Gwent Police chief superintendent Ian Roberts reassured councillors that while crime in the area was “low level”, officers were dealing with around 30 incidents a day.

Newport officers would also be moved into Monmouthshire if needed, the council’s Severnside area committee was told, with the county having a higher crime-to-officer ratio than the city authority.

But Chief Supt Roberts admitted that reducing front-counter services at seven police stations, including Caldicot and Chepstow, would have a “psychological impact” on communities.

Speaking on Wednesday, he said: “People are reassured by police stations but with most members of the public contacting us by phone, we’ve had to adapt.


“We found that footfall was very low across our stations, with the busiest station seeing less than one person per hour.

“But if officers are in a station and someone wants to turn up, then that door will be open.”

Chief Supt Roberts told councillors that the 20,000 officers cut from police forces across England and Wales since 2010 equated to 10 forces the size of Gwent Police disappearing.

The meeting heard that the “relatively small” Gwent operation had the same level of funding as schools in Newport.

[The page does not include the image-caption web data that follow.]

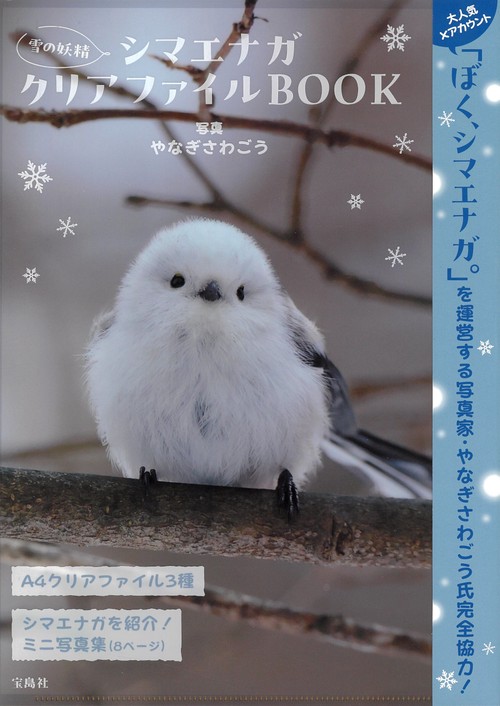 雪の妖精 シマエナガクリアファイルBOOK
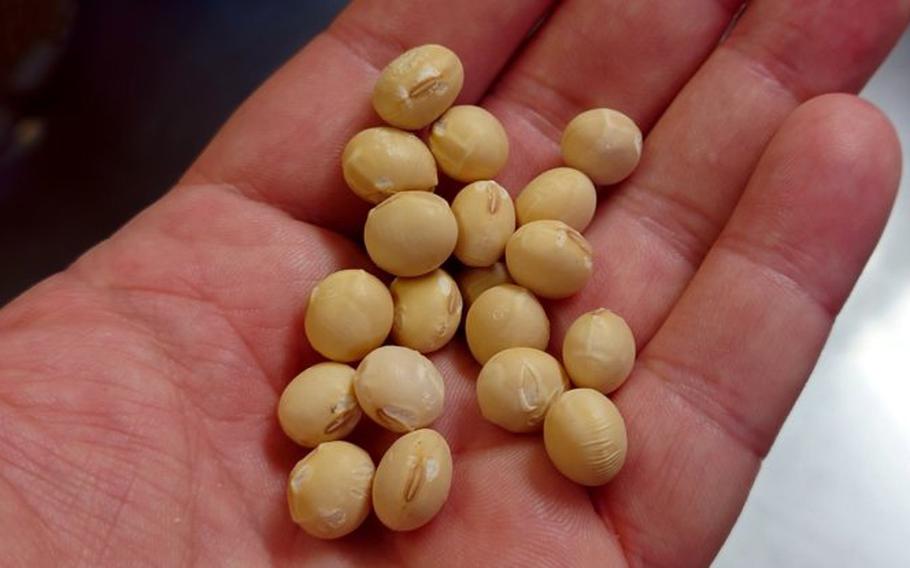 Akebono soybeans
 on one’s hand.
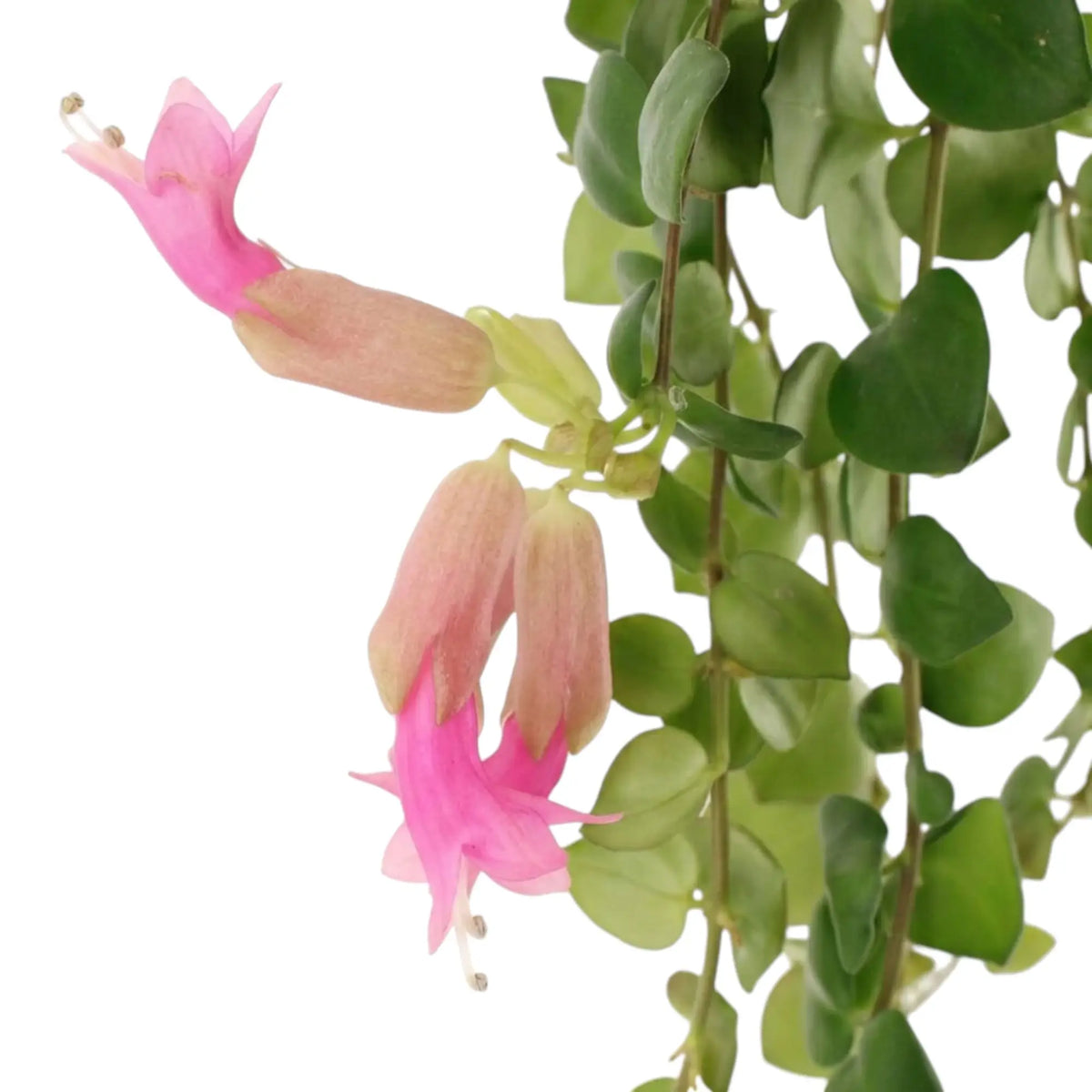 Aeschynanthus ‘Pink Polka’ close-up with rounded green leaves and pale pink tubular flowers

“I would love to be able to have front counter services across Gwent, but the reality is that it wasn’t good value for money, and we’ve had to take some tough decisions,” added Chief Supt Roberts.

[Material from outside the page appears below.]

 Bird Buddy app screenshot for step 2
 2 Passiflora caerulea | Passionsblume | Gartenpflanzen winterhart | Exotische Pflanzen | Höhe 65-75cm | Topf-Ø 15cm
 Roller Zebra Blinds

“The challenge in Monmouthshire is geographical, with four towns quite spread out and rural incidents happening between.

“Walking about town being visible is something we’d love to do, but when people are asking for assistance we have to respond, and that has to be the priority.”

Caldicot councillor Tony Easson expressed concerns that neighbourhood teams would eventually be lost to Newport, and asked: “Are we going to have our police presence watered down?”

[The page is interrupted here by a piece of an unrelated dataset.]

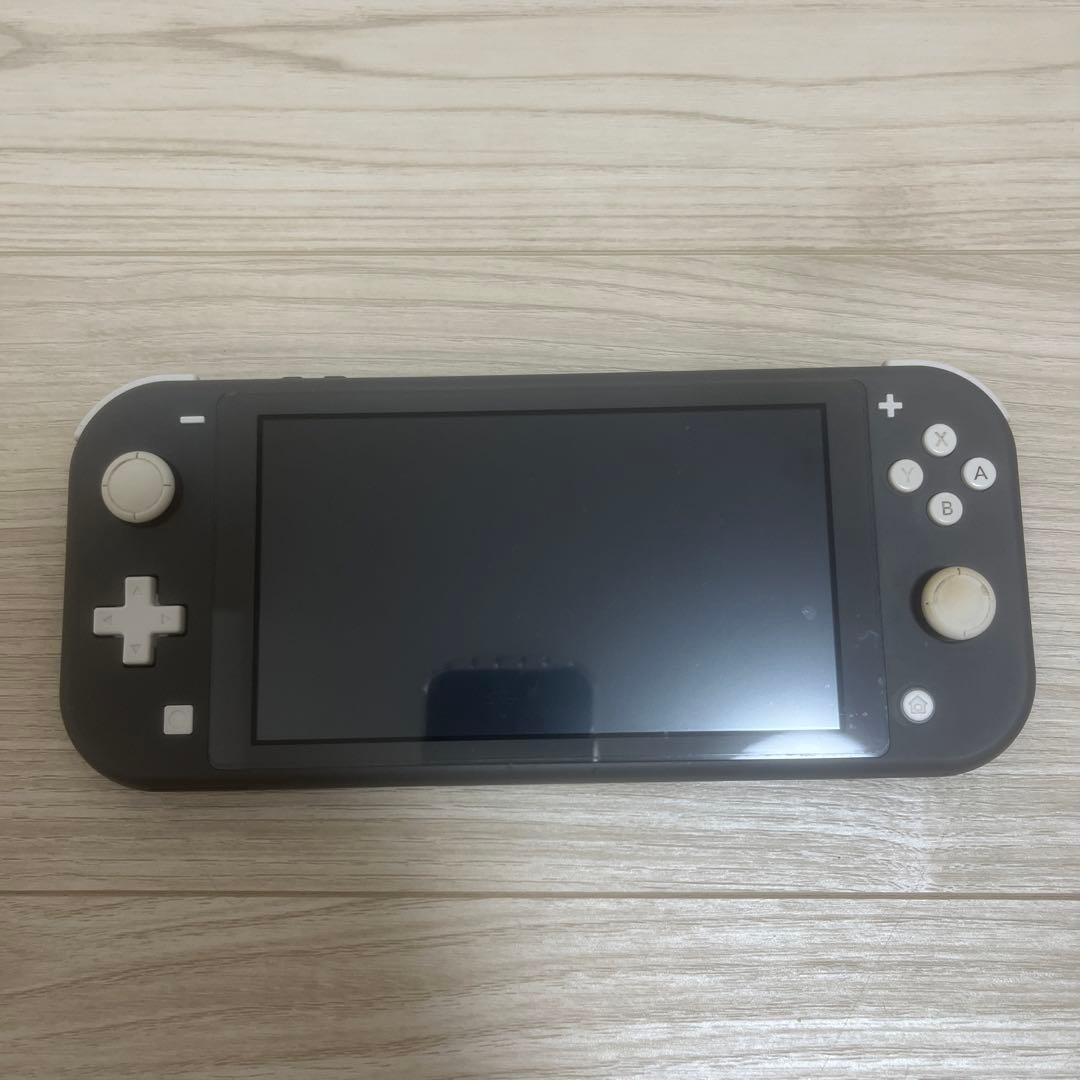 おいおいページNintendo Switch Lite グレー 本体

Chief Supt Roberts said Monmouthshire officers could be asked to respond in emergency situations if needed but said the occasions have been “few and far between”.

The meeting also heard crime in the Severnside area remained unchanged for the last two years, with an average three crimes a day, or 90 a month, between Caldicot and Magor.

But Chief Supt Roberts said officers respond to incidents across the county on a 24/7 basis and “were not just sat in the station waiting for calls”.

He added: “Monmouthshire is one of the safest places to live, with most officers dealing with violence without injury, and the most serious stuff happens behind closed doors.”